-------- Record set
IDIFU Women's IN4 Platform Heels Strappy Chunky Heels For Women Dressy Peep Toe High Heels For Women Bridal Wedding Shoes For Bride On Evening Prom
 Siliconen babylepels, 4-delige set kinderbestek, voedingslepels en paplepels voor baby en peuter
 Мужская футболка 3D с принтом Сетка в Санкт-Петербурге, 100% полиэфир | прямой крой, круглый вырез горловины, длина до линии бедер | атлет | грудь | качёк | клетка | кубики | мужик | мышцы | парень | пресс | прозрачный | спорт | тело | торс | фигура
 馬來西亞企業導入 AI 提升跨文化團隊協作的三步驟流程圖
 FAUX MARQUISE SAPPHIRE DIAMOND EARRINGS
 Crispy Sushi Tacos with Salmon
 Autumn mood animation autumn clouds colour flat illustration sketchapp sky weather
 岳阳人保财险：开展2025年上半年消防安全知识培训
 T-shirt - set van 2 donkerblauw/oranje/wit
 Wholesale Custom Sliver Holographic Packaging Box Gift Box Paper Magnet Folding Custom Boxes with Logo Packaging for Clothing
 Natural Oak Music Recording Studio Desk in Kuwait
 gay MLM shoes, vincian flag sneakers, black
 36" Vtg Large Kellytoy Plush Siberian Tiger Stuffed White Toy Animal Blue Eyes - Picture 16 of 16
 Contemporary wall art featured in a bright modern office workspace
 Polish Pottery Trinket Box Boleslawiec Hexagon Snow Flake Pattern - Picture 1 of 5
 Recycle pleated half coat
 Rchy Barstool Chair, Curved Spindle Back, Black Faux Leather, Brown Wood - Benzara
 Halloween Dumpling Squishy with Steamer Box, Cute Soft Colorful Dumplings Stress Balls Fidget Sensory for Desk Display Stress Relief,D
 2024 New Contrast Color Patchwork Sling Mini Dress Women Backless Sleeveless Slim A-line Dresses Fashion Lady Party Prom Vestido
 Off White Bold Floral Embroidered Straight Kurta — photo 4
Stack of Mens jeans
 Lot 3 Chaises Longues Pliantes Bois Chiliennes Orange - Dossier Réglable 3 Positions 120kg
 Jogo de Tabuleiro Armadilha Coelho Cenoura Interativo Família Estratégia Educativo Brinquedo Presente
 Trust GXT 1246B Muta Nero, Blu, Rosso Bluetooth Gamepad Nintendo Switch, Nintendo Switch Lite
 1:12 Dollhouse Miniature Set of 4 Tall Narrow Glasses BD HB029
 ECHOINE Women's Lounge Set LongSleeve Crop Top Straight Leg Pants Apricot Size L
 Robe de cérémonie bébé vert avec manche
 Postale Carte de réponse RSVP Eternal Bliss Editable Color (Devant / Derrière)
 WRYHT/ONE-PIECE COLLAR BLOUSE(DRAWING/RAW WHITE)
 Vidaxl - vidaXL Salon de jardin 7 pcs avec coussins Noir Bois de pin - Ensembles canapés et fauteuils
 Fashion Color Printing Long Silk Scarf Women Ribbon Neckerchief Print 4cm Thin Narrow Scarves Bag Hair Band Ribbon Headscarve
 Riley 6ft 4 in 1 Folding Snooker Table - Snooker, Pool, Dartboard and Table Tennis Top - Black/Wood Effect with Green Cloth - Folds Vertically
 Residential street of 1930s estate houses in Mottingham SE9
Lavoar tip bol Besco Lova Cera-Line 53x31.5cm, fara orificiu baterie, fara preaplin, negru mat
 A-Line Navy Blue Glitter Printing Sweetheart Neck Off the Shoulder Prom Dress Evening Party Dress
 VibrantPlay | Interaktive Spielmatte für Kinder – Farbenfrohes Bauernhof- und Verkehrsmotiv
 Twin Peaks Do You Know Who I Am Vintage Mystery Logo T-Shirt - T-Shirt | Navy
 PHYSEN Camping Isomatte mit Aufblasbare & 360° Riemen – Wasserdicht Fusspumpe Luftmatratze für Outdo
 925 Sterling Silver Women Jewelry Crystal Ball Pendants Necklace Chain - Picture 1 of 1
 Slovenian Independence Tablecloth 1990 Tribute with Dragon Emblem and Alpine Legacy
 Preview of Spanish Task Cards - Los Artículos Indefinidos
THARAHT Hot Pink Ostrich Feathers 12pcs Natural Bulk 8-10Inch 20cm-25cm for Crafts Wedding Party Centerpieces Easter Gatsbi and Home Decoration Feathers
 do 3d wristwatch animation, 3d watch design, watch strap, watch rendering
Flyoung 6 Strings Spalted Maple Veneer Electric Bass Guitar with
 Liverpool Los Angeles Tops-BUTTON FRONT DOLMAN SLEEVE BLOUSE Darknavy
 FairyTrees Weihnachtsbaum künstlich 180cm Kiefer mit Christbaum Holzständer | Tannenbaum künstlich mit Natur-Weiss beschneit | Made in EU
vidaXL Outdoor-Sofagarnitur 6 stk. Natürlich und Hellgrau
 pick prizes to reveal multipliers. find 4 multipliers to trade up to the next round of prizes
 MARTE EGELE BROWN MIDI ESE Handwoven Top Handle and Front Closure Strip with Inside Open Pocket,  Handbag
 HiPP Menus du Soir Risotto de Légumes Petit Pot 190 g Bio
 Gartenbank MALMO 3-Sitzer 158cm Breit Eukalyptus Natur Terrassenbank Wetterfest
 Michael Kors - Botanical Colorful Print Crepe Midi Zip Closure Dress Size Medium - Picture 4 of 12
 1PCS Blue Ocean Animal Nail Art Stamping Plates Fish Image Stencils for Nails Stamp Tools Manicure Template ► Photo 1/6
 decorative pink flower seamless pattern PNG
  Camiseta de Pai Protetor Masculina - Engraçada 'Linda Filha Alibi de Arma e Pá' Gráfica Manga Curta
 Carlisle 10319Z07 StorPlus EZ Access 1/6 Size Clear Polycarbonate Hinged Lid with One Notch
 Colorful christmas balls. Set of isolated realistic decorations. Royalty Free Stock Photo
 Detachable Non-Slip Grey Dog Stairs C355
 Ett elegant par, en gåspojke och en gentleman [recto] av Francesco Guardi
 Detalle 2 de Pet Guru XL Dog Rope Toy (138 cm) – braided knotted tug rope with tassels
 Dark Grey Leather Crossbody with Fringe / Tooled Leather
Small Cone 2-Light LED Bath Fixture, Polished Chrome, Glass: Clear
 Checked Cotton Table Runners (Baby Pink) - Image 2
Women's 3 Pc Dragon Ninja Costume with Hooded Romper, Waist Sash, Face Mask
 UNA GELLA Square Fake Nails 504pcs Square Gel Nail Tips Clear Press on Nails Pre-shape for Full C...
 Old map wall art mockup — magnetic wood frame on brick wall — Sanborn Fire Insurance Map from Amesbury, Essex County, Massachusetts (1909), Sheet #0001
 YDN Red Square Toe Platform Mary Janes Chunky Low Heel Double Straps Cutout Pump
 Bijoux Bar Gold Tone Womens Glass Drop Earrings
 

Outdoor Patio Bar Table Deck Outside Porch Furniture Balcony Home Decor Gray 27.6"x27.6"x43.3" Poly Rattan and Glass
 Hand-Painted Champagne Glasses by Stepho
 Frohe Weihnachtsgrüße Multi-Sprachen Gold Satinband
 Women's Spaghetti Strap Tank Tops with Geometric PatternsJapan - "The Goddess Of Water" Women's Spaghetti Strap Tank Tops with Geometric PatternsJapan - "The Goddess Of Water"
----------------
▶ Aim of the exercise
Of the lines above, extract only those from the line with "Мужская футболка 3D" to the line with "gay MLM shoes, vincian flag sneakers, black", both included, exactly as written.

▶ Written response
 Мужская футболка 3D с принтом Сетка в Санкт-Петербурге, 100% полиэфир | прямой крой, круглый вырез горловины, длина до линии бедер | атлет | грудь | качёк | клетка | кубики | мужик | мышцы | парень | пресс | прозрачный | спорт | тело | торс | фигура
 馬來西亞企業導入 AI 提升跨文化團隊協作的三步驟流程圖
 FAUX MARQUISE SAPPHIRE DIAMOND EARRINGS
 Crispy Sushi Tacos with Salmon
 Autumn mood animation autumn clouds colour flat illustration sketchapp sky weather
 岳阳人保财险：开展2025年上半年消防安全知识培训
 T-shirt - set van 2 donkerblauw/oranje/wit
 Wholesale Custom Sliver Holographic Packaging Box Gift Box Paper Magnet Folding Custom Boxes with Logo Packaging for Clothing
 Natural Oak Music Recording Studio Desk in Kuwait
 gay MLM shoes, vincian flag sneakers, black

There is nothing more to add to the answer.